Per decenni un’autentica chimera: la fusione nucleare si promette di regalarci un’energia pulita, sicura, economica, in quantità tale da soddisfare tutti i nostri bisogni. Attualmente come sappiamo le centrali nucleari moderne sfruttano il principio della fissione nucleare controllata. I problemi che gli scienziati hanno incontrato nella fusione nucleare che i ripetuti annunci sono apparsi fin da sempre sensazionalistici e privi di un’effettiva concretezza che rappresentasse una svolta. Oggi la fusione nucleare è ancora un sogno al quale si dedicano scienziati, centri di ricerca e tecnici di tutto il mondo, impegnati a ottenere le innovazioni e gli strumenti necessari per realizzare una centrale nucleare a fusione.
Già negli anni ’80, con il clamore rappresentato dai gravi incidenti di Three Miles Island e Chernobyl si erano avanzate delle date approssimative per riuscire a mettere insieme le tecnologie per costruire un reattore nucleare a fusione. Una data che veniva spesso indicata era quella del 2010, poi quella del 2020. Secondo le ricerche attuali non sarà possibile avere un reattore nucleare a fusione (che sostanzialmente simula le reazioni ad alte pressioni tipiche delle stelle) prima del 2050. Il progetto di più ampio respiro è quello denominato ITER, che può vantare su diverse decine di miliardi di euro di budget e che mira solamente a dimostrare come sia possibile ottenere l’eccedenza di energia utilizzabile a partire dalla fusione nucleare. Quindi non si tratta nemmeno di una prima centrale atomica sperimentale, ma di un progetto destinato a confermare la validità scientifica dell’assunto, sperando che appunto entro 30 anni da quella data, si ottenga il primo vero reattore per la produzione di energia consumabile.
Il campo complesso della fisica nucleare ha prodotto due risultati nel frattempo di sicuro impatto. Il primo teorico ha dimostrato che i nuclei di atomi pesanti, come il plutonio e l’uranio, possono essere scissi in particelle più piccole, liberando grandissime quantità di energia. Questo procedimento è chiamato “fissione nucleare” e avviene per mezzo del bombardamento di nuclei atomici pesanti, gli elementi radioattivi della tabella periodica, contraddistinti da un alto numero atomico. In un reattore nucleare basato sul principio della fissione, si ottiene lo stesso tipo di reazione, impiegando materiale fissile che produce una reazione a catena di liberazione dei neutroni. Queste particelle entrano in collisione con altri nuclei posti in un’apposita pila, per creare una serie controllata di fissioni nucleari, che possono essere tarate utilizzando materiali moderatori come la grafite, che assorbono i neutroni, impedendo così la reazione incontrollata tipica delle esplosioni nucleari. Il principio della fissione priva del moderatore è dietro il funzionamento dell’ordigno atomico che ha raso al suo Hiroshima nel 1945. Il primo reattore nucleare a fissione fu teorizzato e costruito sotto la supervisione di Enrico Fermi, il grande fisico italiano, premio Nobel nel 1938.

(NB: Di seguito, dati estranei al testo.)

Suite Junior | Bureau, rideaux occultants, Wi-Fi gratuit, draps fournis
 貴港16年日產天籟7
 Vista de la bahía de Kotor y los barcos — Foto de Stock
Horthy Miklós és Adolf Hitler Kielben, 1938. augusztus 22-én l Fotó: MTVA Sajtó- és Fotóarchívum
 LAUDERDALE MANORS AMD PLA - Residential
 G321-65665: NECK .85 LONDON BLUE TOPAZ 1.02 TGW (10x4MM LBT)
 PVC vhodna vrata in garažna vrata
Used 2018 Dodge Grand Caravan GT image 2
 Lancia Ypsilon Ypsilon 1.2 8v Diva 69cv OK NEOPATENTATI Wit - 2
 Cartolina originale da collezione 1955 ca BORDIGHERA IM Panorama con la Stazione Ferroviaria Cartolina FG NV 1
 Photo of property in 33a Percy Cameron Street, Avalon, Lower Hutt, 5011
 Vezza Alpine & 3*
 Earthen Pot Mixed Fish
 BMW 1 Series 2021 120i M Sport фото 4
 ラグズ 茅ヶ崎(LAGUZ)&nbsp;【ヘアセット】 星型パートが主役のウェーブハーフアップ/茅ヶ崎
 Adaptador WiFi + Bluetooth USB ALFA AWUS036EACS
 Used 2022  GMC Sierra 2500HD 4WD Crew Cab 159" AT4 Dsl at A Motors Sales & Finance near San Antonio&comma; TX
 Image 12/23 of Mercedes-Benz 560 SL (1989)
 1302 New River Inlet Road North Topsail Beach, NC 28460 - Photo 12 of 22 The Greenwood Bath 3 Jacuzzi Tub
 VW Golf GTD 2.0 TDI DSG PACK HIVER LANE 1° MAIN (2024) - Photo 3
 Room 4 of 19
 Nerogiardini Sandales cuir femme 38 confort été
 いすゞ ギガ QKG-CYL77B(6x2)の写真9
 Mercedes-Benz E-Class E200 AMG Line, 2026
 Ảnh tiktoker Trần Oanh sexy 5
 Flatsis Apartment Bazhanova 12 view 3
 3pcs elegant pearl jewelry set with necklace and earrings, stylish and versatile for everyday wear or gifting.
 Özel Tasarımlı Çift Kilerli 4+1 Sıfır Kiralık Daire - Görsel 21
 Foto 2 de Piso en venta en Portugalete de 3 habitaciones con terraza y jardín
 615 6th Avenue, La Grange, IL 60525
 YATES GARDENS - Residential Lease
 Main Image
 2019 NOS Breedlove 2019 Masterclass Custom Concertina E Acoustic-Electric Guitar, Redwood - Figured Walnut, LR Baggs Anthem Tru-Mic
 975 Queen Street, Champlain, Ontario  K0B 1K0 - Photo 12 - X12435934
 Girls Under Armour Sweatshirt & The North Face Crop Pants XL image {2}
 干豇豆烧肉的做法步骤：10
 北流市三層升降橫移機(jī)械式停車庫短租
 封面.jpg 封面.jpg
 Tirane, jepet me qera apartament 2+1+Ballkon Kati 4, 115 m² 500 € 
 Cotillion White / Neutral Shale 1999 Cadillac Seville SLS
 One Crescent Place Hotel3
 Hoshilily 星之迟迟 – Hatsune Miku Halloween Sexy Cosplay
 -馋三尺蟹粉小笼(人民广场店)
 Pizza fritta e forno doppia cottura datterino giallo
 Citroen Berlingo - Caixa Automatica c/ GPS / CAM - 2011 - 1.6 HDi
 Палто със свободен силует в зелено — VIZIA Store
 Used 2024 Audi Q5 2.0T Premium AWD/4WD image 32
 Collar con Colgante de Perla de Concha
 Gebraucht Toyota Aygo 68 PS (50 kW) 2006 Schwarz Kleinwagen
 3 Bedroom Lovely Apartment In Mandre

Il secondo risultato acquisito è stato quello di comprendere bene le reazioni che trasformano la massa in energia all’interno delle stelle. In questo caso le grandi pressioni all’interno di un corpo di quelle dimensioni, con una tale massa e quelle alte temperature, sono in grado letteralmente di fondere gli atomi leggeri, trasformandoli in atomi via via più pesanti, attraverso la fusione di più nuclei. Il punto, per riprodurre una piccola stella in un reattore, è quello di aver a disposizione il combinato di pressione, temperatura e materia. Mentre per le prime due non esiste un problema, perché siamo in grado di simulare alte pressioni e di aver materia da fondere in grande quantità (l’idrogeno è una risorsa quasi infinita), la vera sfida riguarda l’alta temperatura richiesta per innescare le reazioni. Nel progetto ITER si intende produrre del plasma attraverso complesse interazioni elettromagnetiche, che dispensino dalla necessità di impiegare energia per produrne dell’altra (calore).